La situation politique de la Thaïlande, menée par la junte militaire depuis 2014, a une influence néfaste sur le développement de projets artistiques que déplore le Weerasethakul: « On ne peut représenter la réalité car nous sommes sous le contrôle du gouvernement qui, lui, voit les films comme de la propagande ». Il cite l’exemple de deux performeurs qui ont été emprisonnés pendant deux ans car les autorités avaient lu dans leur travail une critique de la monarchie: « On se retrouve comme dans 1984« .
Même si la censure exerce une pression importante sur la production artistique locale depuis un certain temps, et ce déjà avant la prise de pouvoir des militaires, cette nouvelle déstabilisation a rendu troubles les conditions de travail et de liberté de création.

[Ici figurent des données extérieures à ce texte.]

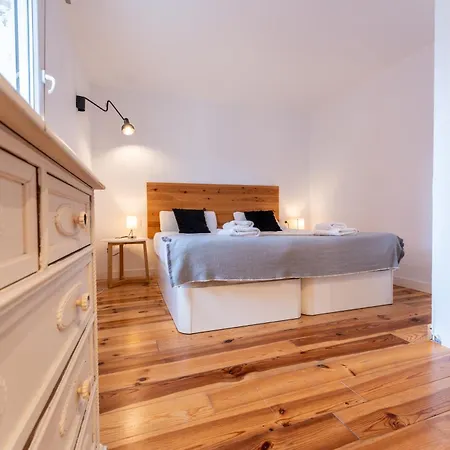 Warm And Inviting, Location By Urbanhosting Apartment *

La jungle colombienne fantasmée
Le cinéaste a donc décidé de se tourner vers l’étranger, qui résonne pourtant familièrement à ses oreilles: « Lorsque j’étais enfant, j’adorais les histoires d’aventures qui prennent place en Thaïlande, les animaux de la jungle et ce genre de choses. Mais quand tu regardes d’où ça vient, c’est la colonisation par les Européens et les Américains et leurs histoires romancées de la jungle amazonienne qui ont influencées le peuple et les auteurs thaïlandais. Puis le cinéma a été lui-même influencé par cette vision fantasmée de la jungle ».
Un voyage de deux mois à travers la Colombie s’est donc amorcé, pour des recherches qui nourriront son prochain film, qu’il espère également pouvoir tourner sur place. Le passé du pays, territoires colonisés par les Espagnols au XVe et XVIe siècle, et luttes internes et sanglantes plus récentes, permettrait à Apichatpong Weerasethakul de dresser un parallèle avec la situation de son pays, bien qu’il ait conscience de la nature de son regard: J’imagine qu’il est impossible de faire un film authentiquement local. Je ne crois pas pouvoir faire cela, il s’agira donc d’un regard étranger et observateur ».